Athena - Part 3 - Data Transformation
Transforming the data into something useful



Back to Part 2 - Logging | Forward to part 4 - Athena Analytics API
Part 3 - Data Transformation
Scheduling the transformation process
Now that we've decoupled the log processing from the web app it allows us to run a regular process to transform the data into something more useful. Using CloudWatch Events we set a up scheduler to run every 10 minutes to trigger a Lambda that does the processing. This is really cheap and the cost of running it is predictable. It only runs 6 times an hour.
This is easy to do with terraform:
resource "aws_cloudwatch_event_rule" "scheduler" {
name = "analytics_transform_scheduler"
description = "Transform the analytics data every 10 minutes"
schedule_expression = "rate(10 minutes)"
}
resource "aws_cloudwatch_event_target" "scheduler" {
arn = aws_lambda_function.transformer.arn
rule = aws_cloudwatch_event_rule.scheduler.name
}
Reading the logs
The lambda reads the cloudwatch logs generated in the last 10 minutes by the previous process and filters the analytics log using a filter. The code uses version 3 of the aws sdk. Here is the full function:
import {
CloudWatchLogsClient,
FilterLogEventsCommand,
FilterLogEventsCommandInput,
FilteredLogEvent,
} from '@aws-sdk/client-cloudwatch-logs'
import pino from 'pino'
const logger = pino()
const cloudwatchLogsClient = new CloudWatchLogsClient({
apiVersion: '2014-03-28',
})
const getLogs = async (params: FilterLogEventsCommandInput) =>
cloudwatchLogsClient.send(new FilterLogEventsCommand(params))
export const readCloudwatchLog = async (
filterPattern: string,
endTime: number,
sourceLogGroupName: string,
nextToken?: string
): Promise<FilteredLogEvent[]> => {
const startTime = endTime - 10 * 60 * 1000
const params: FilterLogEventsCommandInput = {
filterPattern,
startTime,
endTime,
logGroupName: sourceLogGroupName,
nextToken: (nextToken as string) ?? undefined,
}
const logs = await getLogs(params)
if (logs.nextToken) {
logs.events = [
...(logs.events as FilteredLogEvent[]),
...(await readCloudwatchLog(
filterPattern,
endTime,
sourceLogGroupName,
logs.nextToken
)),
]
}
logger.info(`returning ${logs.events?.length} logs`)

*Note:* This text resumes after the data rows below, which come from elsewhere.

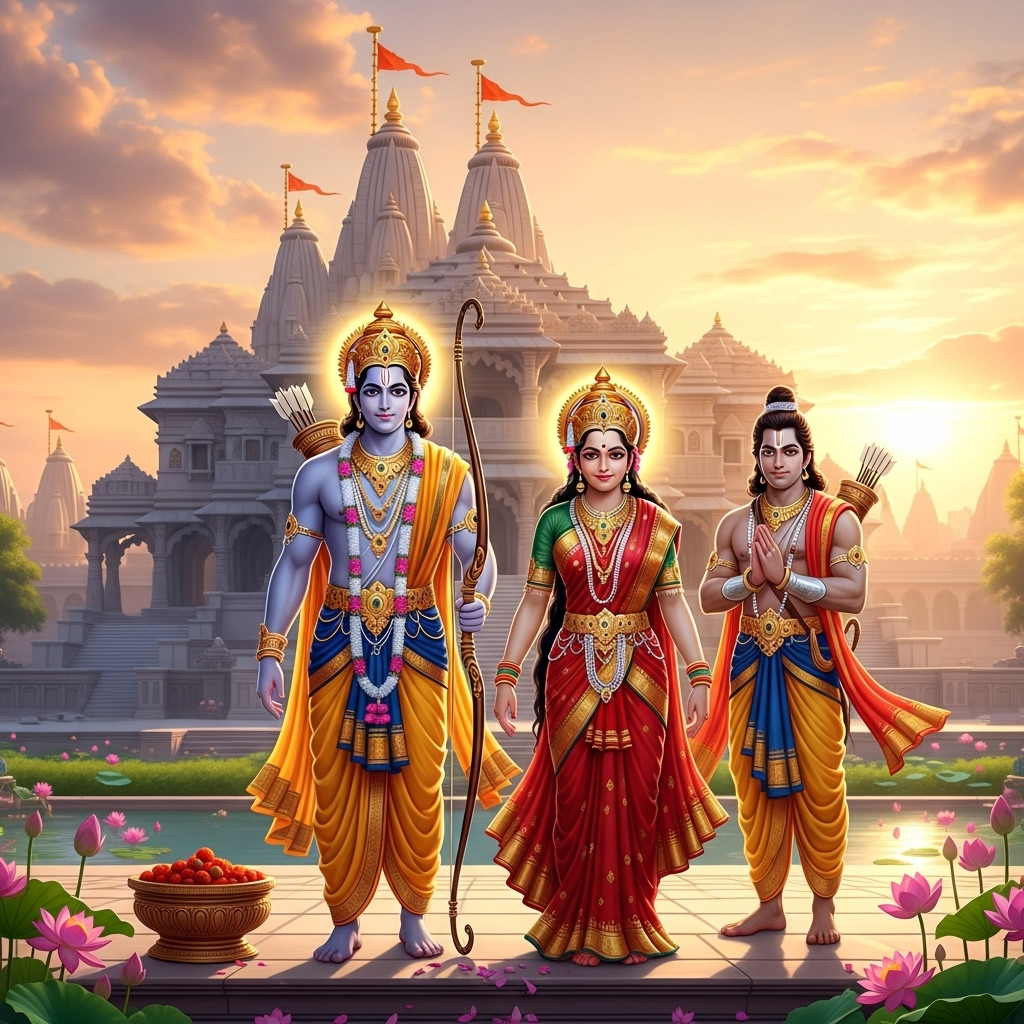ayodhya ram sita ai images hd. ram sita ai generated trending instagram images. ram sita ai wallpaper .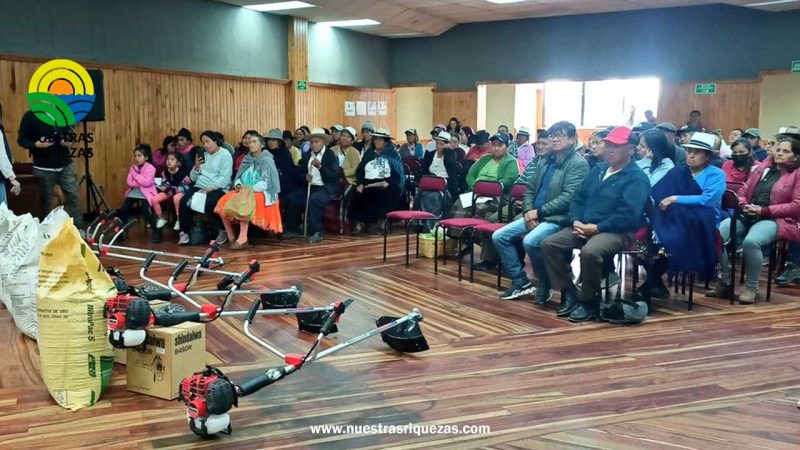 MAG entrega herramientas a productores de la provincia de Pastaza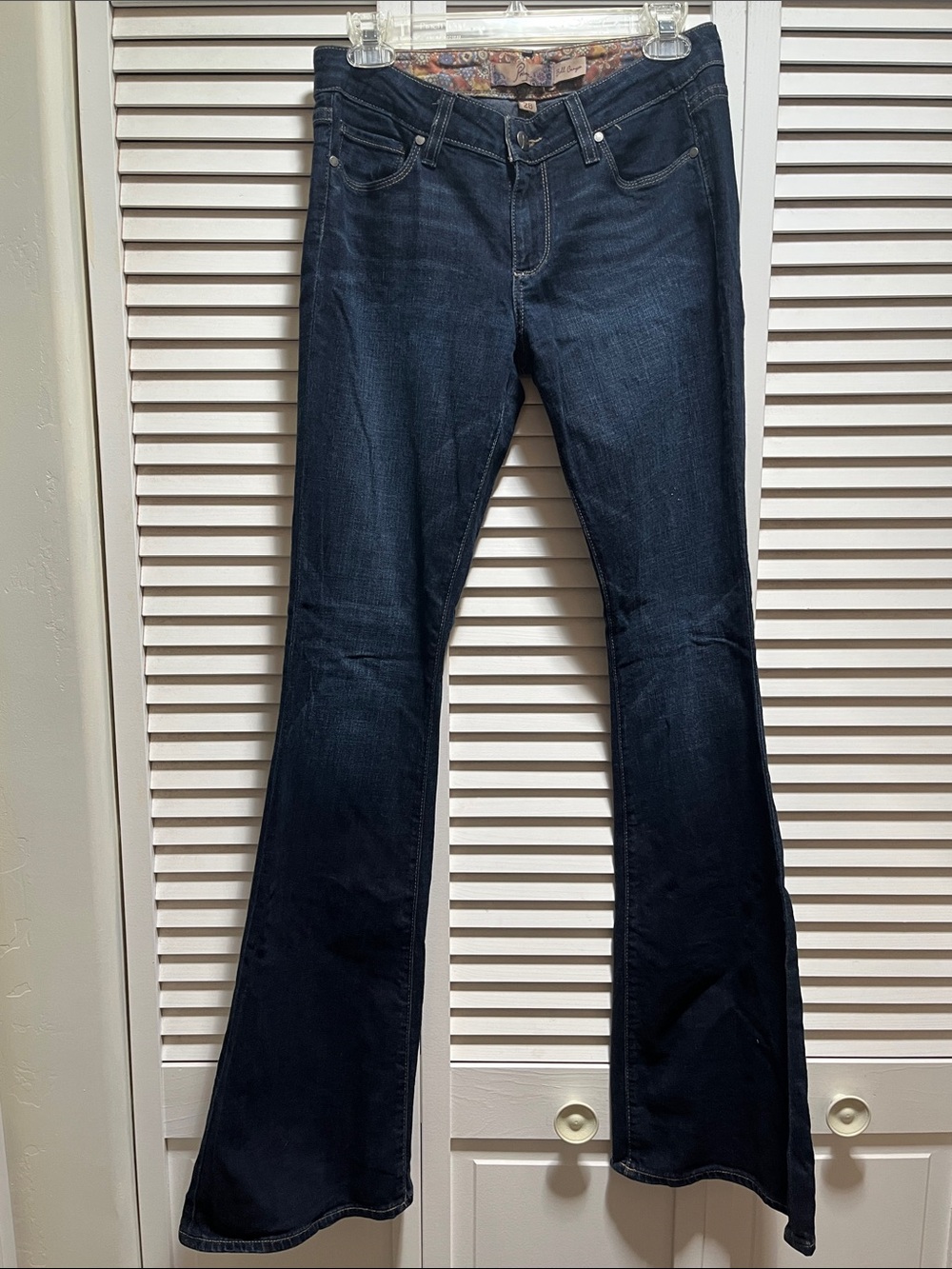 Paige Women's Dark Indigo Flare Jeans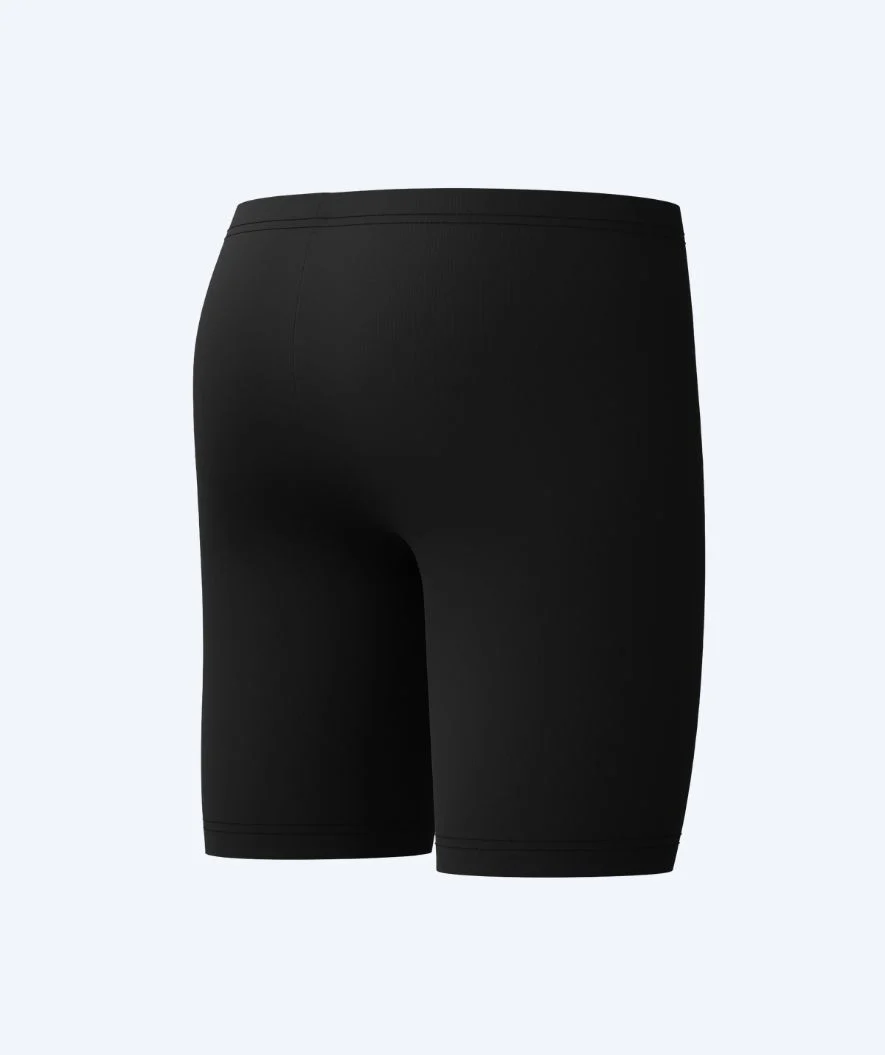 Speedo lange badebukser til drenge - Hyperboom Panel - Sort/gul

return logs.events as FilteredLogEvent[]
}
and this is how it is invoked:
const data = await readCloudwatchLog(
'{ $.logtype = "analytics" }',
Date.now(),
'/aws/lambda/analytics'
)
Transforming the data
The data is now in a format that can be transformed into something useful. Because we want to save it to Athena it needs to be in the Athena format. Which is a funny format - it is lines of JSON. So we need to convert the data into lines of JSON terminate with a line ending. For example:
{"data": "something"}
{"data": "something else"}
(Note the non-standard format of the JSON - no commas between the lines)
Writing the data
Using the aws sdk we can write the data to s3:
s3.send(
new PutObjectCommand({
Bucket: bucket,
Key: key,
Body: data,
})
)